S3 as Backup Target

This article describes the approach that TrilioVault has taken to support S3 compatible storage as backup target

Introduction

Since the introduction of Amazon S3, object storage has become the storage of choice for many cloud platforms. Object storage offers very reliable, infinitely scalable storage by utilizing cheap hardware. Object storage has become the storage of choice for archival, backup and disaster recovery, web hosting, documentation, etc.

Impedance mismatch between Object Storage and TrilioVault backup images

  • Unlike NFS or block storage, object storage does not support file system POSIX APIs for accessing objects. Objects need to be accessed in its entirety. Either the object should be read as a whole or modified as a whole.

  • For TrilioVault to implement all its features such as retention policy, forever incremental, snapshot mount and one click restoreit needs to layer POSIX file semantics for objects.

  • Usually backup images tend to be large so if each backup image is created as one object then manipulating backup image requires downloading the entire object and uploading the modified object back to object store. These types of access requires enormous amount of local disk and network bandwidth and does not scale for large deployments.

  • Simple operation such as snapshot mount operation or PV restore operation may require accessing the entire chain of overlay files. Accessing latest captured point-in-time using the appropriate overlay file is easy with NFS types of storage, however for object store it requires to you download all overlay files in the chain and then mapping the top of overlay file as a virtual disk to file manager.

FUSE Plug in for S3 bucket

Filesystem in Userspace (FUSE) is a software interface for Unix and Unix-like computer operating systems that lets non-privileged users create their own file systems without editing kernel code. Any data source can be exposed as a Linux file system using a FUSE plugin.

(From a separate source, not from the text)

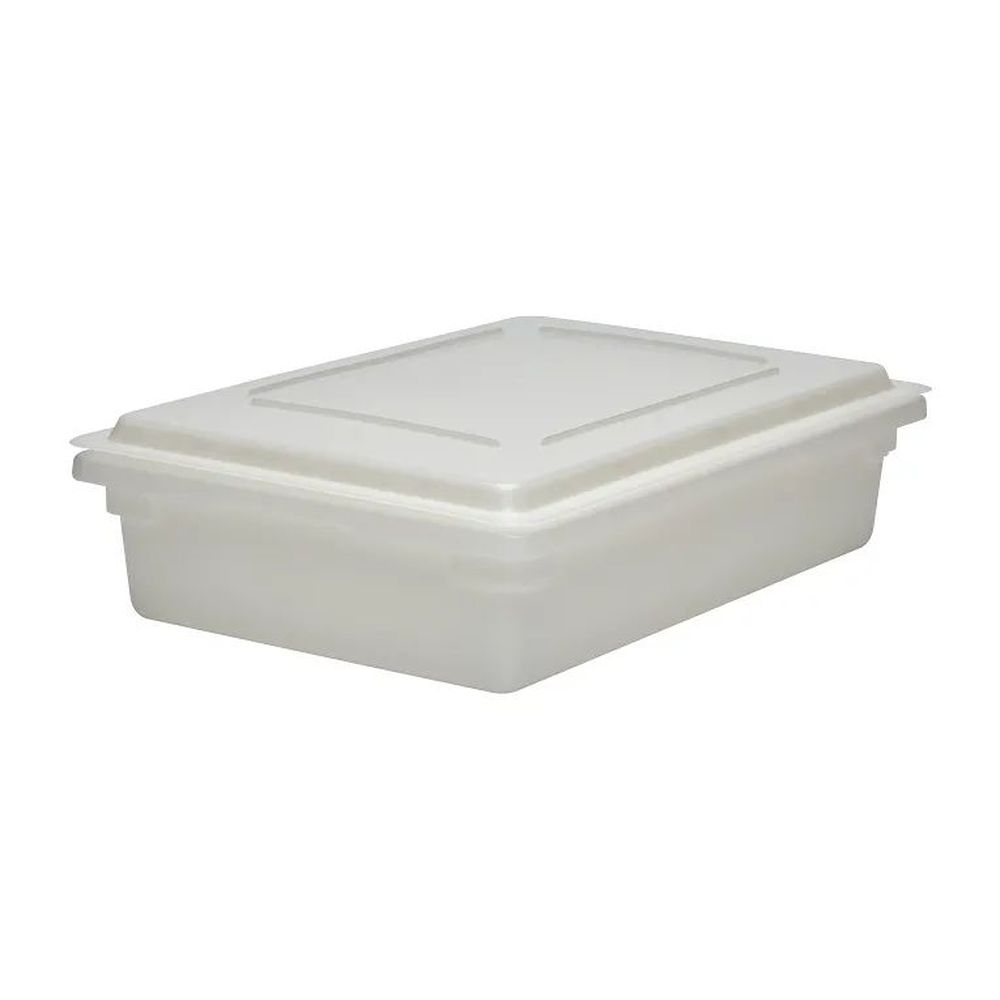 Product gallery 566592055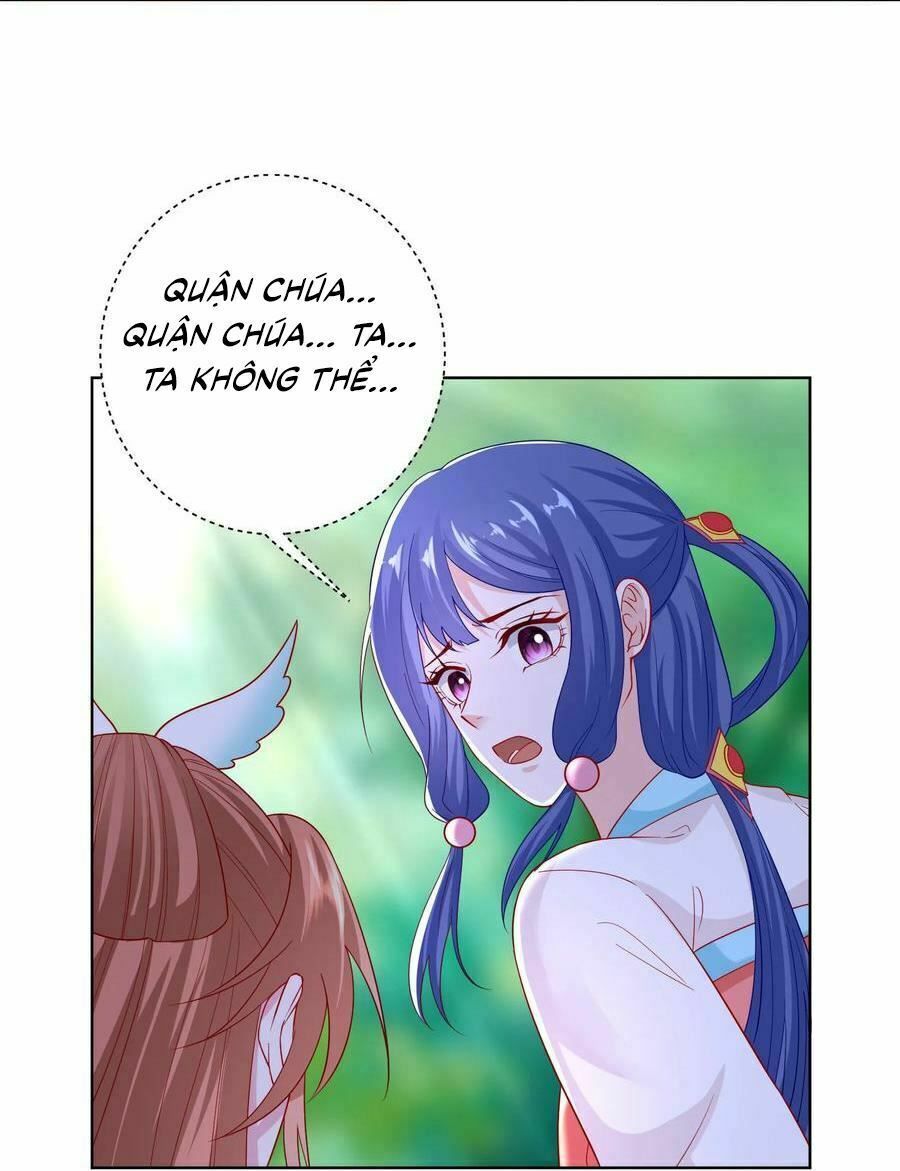 đọc truyện Độc Y Đích Nữ Chương 141 ảnh 10 tại Thiên Thai Truyện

There are number of implementations of S3 FUSE plugins in the market. All of these implementations download the entire object to the local disk to provide read/write functionality. These implementations do not scale for large backup images.

The TrilioVault FUSE plugin implementation for S3 bucket is inspired by the inode structure of the Linux file system. Each inode structure has essential information of the file including creation time, modified time, access time, size, permissions and list of data blocks.

inode structure of Linux file system

Reading and writing files happen at block level. Let's say if an application were to read/write a file at offset 1056 of length 24 bytes and the block size of the file system is set to 1024, file system reads the second block and either reads or modifies the data at offset 22 byte in the block.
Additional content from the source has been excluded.